CLI and Processing

Clara CLI

In this chapter we present instructions how to run Clara based data processing application.

We assume that the CLARA_HOME env variable is pointing to the Clara run-time environment (CRE) directory.

Now just simply type:

$ $CLARA_HOME/bin/clara-shell

This will start Clara command line interactive interface (CLI). Hierarchical help will navigate you through commands to configure, run and monitor CLAS12 data processing applications.
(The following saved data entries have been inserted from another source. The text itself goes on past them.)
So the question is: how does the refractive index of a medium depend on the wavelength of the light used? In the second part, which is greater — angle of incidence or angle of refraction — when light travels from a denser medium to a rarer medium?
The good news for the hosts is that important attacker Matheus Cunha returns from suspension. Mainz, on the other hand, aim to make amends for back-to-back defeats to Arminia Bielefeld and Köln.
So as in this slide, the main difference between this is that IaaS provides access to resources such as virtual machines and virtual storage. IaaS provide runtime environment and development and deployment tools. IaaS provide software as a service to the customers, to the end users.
   ██████╗██╗      █████╗ ██████╗  █████╗
  ██╔════╝██║     ██╔══██╗██╔══██╗██╔══██╗ 4.3.0
  ██║     ██║     ███████║██████╔╝███████║
  ██║     ██║     ██╔══██║██╔══██╗██╔══██║
  ╚██████╗███████╗██║  ██║██║  ██║██║  ██║
   ╚═════╝╚══════╝╚═╝  ╚═╝╚═╝  ╚═╝╚═╝  ╚═╝


 Run 'help' to show available commands.

clara> help
Commands:

   run           Start CLARA data processing
   edit          Edit data processing conditions
   set           Parameter settings
   show          Show values
   save          Export configuration to file
   source        Read and execute commands from file

Use help <command> for details about each command.

clara>

Terminal settings

In some cases the wrong terminal settings will affect proper functionality of the CLI.
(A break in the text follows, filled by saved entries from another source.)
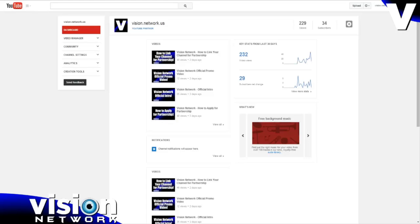First off, once you complete the partnership process, you'll get a series of emails. One will say that you've been accepted to Vision Network, another will be from Freedom. You will also get an email from YouTube, from noreply at youtube.com, and that will be an invitation notification saying that you have been invited to join Freedom Any TV Limited.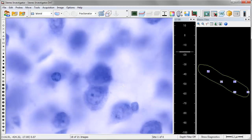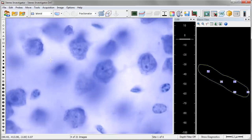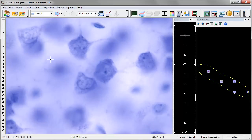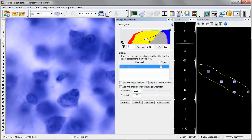With StereoInvestigator, you are able to obtain the most efficient, precise, and unbiased estimate of cell populations and morphometric properties in biological structures.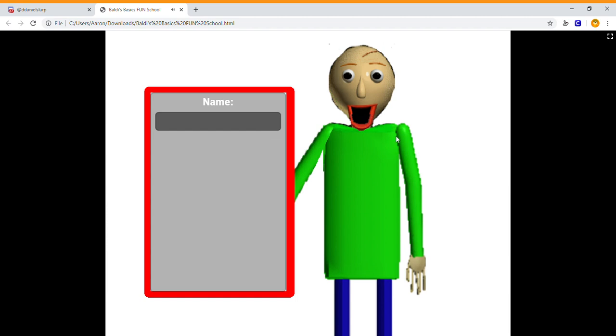Oh, hi. Welcome to my super schoolhouse. To come on in, just click on your name, or if you haven't been here before, just type it in, and then click on it. It's that easy. Ha ha!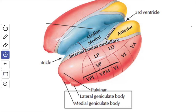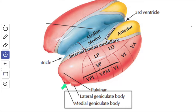In this video, we are going to study about the metathalamus. The metathalamus consists of the medial and lateral geniculate body. These are small rounded elevations on the inferior aspect of the posterior part of the thalamus. Inferior to the posterior part of the thalamus, you have two bodies: the medial geniculate body and the lateral geniculate body, and these are either side of the midbrain.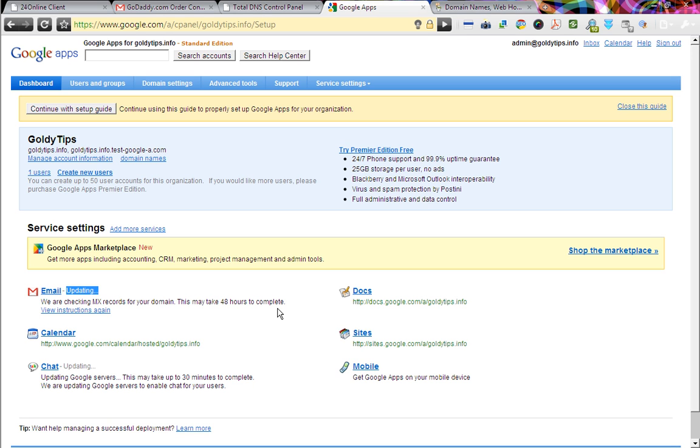I guess you guys have enjoyed this initial phase of our video tutorial series, in which we have taught you how to buy domain name, and what is Google Apps, what are the different editions of Google Apps, and how to set up Google Apps account, and how to activate your Google Apps and then how to activate your emails and other services. So I hope you guys have enjoyed it.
You may be affected by this problem when the run command returns to the prompt without doing anything apparently.

clara> run local
clara>

To fix this, make sure the following line (or something similar) is commented in your ~/.login file:

stty erase "^?" kill "^U" intr "^C" eof "^D" susp "^Z" hupcl ixon ixoff tostop tabs

That line should be after a comment such as:

# Uncomment this if you are using an NCD Xterminal keyboard.

Important

Before we describe a data processing configuration options it is worthwhile to emphasize the importance of the application service composition and data-set proper description. This includes path to the actual data-file input and output directories, full path to the data-set metadata file, and data-set description.
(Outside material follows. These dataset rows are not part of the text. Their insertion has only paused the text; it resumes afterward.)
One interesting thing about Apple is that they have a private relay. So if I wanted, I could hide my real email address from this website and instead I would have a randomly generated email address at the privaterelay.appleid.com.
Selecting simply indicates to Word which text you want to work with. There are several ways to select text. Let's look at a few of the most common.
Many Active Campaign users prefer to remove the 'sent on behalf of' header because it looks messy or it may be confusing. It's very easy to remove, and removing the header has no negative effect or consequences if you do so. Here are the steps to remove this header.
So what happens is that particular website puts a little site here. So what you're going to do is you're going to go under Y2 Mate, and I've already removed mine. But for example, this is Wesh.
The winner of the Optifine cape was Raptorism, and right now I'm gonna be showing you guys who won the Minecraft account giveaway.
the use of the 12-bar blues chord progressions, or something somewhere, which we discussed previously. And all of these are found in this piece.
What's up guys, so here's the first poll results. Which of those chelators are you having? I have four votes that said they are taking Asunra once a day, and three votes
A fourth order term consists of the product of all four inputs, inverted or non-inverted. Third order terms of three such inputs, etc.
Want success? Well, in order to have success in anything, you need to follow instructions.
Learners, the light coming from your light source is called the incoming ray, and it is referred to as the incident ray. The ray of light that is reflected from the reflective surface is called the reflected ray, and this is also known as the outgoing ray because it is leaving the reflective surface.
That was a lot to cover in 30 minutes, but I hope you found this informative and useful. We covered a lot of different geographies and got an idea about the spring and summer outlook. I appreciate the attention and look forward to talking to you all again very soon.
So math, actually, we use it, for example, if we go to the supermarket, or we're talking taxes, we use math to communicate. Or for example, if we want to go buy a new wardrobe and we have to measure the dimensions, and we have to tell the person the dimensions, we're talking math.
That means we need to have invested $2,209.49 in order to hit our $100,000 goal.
For every data processing these options must be set, and most importantly, options for the data-set description and metadata file must be unique.

clara> set fileList
clara> set description

CLI commands

Short description of the data processing commands can be obtained with the help command.

clara> help edit

  edit services
    Edit services composition.

  edit files
    Edit input file list.

clara> help run

  run local
    Run CLARA data processing on the local node.

  run farm
    Run CLARA data processing on the farm.

The set command

The set command is used to configure the data processing application.

clara> help set

set servicesFile
    Path to the file describing application service composition.

set files
    Set the input files to be processed (example: /mnt/data/files/*.evio).
    This will set both fileList and inputDir variables.

set fileList
   Path to the file containing the names of data-files to be processed.

set inputDir
    The input directory where the files to be processed are located.

set outputDir
    The output directory where processed files will be saved.

set outputFilePrefix
    A single word (no spaces, preferably ending with _) as an
    output/processed file name prefix.

set threads
    The maximum number of processing threads to be used per node.

set reportEvents
    The frequency to report finished events.

set skipEvents
    The number of events to skip from the input file.

set maxEvents
    The maximum number of events to be processed.

set logDir
    The directory where log files will be saved.

set feHost
    The IP address to be used by the front-end DPE.

set fePort
    The port to be used by the front-end DPE.

set session
    A single word (no spaces) identifying the data processing.

set description
    A single word (no spaces) describing the data processing.

set javaMemory
    DPE JVM memory size (in GB)

set javaOptions
   DPE JVM options (overrides javaMemory)

set monHost
    The IP address where DPE monitor server is running.

set farm.cpu
    Farm resource core number request.

set farm.memory
    Farm job memory request (in GB).

set farm.disk
    Farm job disk space request (in GB).

set farm.time
    Farm job wall time request (in min).

set farm.os
    Farm resource OS.

set farm.node
    Preferred farm node name (JLAB specific, e.g. farm18[16,14,13] etc.)

set farm.exclusive
    Exclusive farm node request (JLAB specific, e.g. farm18[16,14,13], etc.)

set farm.stage
    Local directory to stage reconstruction files.

set farm.track
    Farm job track.

set farm.scaling
    Farm horizontal scaling factor. Split the list of input files into
    chunks of the given size to be processed in parallel within separate farm jobs.

set farm.system
    Farm batch system. Accepts pbs and jlab.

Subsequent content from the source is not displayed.